(Records shown)

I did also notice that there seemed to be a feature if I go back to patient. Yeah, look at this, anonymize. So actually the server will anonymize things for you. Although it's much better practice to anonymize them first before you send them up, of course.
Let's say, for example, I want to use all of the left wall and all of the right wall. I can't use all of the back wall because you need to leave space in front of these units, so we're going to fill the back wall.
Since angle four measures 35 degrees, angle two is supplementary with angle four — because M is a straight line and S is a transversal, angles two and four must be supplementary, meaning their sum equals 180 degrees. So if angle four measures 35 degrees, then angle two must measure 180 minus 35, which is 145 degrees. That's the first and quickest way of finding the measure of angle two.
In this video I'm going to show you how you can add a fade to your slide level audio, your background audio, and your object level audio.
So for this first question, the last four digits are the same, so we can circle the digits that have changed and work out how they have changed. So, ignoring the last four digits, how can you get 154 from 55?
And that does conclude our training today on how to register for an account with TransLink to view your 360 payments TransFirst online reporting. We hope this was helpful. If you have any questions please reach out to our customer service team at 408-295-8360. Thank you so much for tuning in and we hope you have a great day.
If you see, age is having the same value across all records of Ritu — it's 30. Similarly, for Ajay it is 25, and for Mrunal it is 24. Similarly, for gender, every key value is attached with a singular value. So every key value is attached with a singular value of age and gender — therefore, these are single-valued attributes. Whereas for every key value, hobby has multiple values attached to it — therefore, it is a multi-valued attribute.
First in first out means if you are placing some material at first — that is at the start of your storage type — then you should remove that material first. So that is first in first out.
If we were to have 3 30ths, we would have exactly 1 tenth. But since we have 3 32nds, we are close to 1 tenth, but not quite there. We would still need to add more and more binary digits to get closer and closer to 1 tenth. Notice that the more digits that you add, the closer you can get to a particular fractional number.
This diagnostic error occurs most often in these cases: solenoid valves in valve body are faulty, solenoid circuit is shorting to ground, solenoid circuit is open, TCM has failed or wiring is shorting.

(End Records shown)

→ Task instructions: The records above must be retyped in full, exactly as written.

→ Written answer:
I did also notice that there seemed to be a feature if I go back to patient. Yeah, look at this, anonymize. So actually the server will anonymize things for you. Although it's much better practice to anonymize them first before you send them up, of course.
Let's say, for example, I want to use all of the left wall and all of the right wall. I can't use all of the back wall because you need to leave space in front of these units, so we're going to fill the back wall.
Since angle four measures 35 degrees, angle two is supplementary with angle four — because M is a straight line and S is a transversal, angles two and four must be supplementary, meaning their sum equals 180 degrees. So if angle four measures 35 degrees, then angle two must measure 180 minus 35, which is 145 degrees. That's the first and quickest way of finding the measure of angle two.
In this video I'm going to show you how you can add a fade to your slide level audio, your background audio, and your object level audio.
So for this first question, the last four digits are the same, so we can circle the digits that have changed and work out how they have changed. So, ignoring the last four digits, how can you get 154 from 55?
And that does conclude our training today on how to register for an account with TransLink to view your 360 payments TransFirst online reporting. We hope this was helpful. If you have any questions please reach out to our customer service team at 408-295-8360. Thank you so much for tuning in and we hope you have a great day.
If you see, age is having the same value across all records of Ritu — it's 30. Similarly, for Ajay it is 25, and for Mrunal it is 24. Similarly, for gender, every key value is attached with a singular value. So every key value is attached with a singular value of age and gender — therefore, these are single-valued attributes. Whereas for every key value, hobby has multiple values attached to it — therefore, it is a multi-valued attribute.
First in first out means if you are placing some material at first — that is at the start of your storage type — then you should remove that material first. So that is first in first out.
If we were to have 3 30ths, we would have exactly 1 tenth. But since we have 3 32nds, we are close to 1 tenth, but not quite there. We would still need to add more and more binary digits to get closer and closer to 1 tenth. Notice that the more digits that you add, the closer you can get to a particular fractional number.
This diagnostic error occurs most often in these cases: solenoid valves in valve body are faulty, solenoid circuit is shorting to ground, solenoid circuit is open, TCM has failed or wiring is shorting.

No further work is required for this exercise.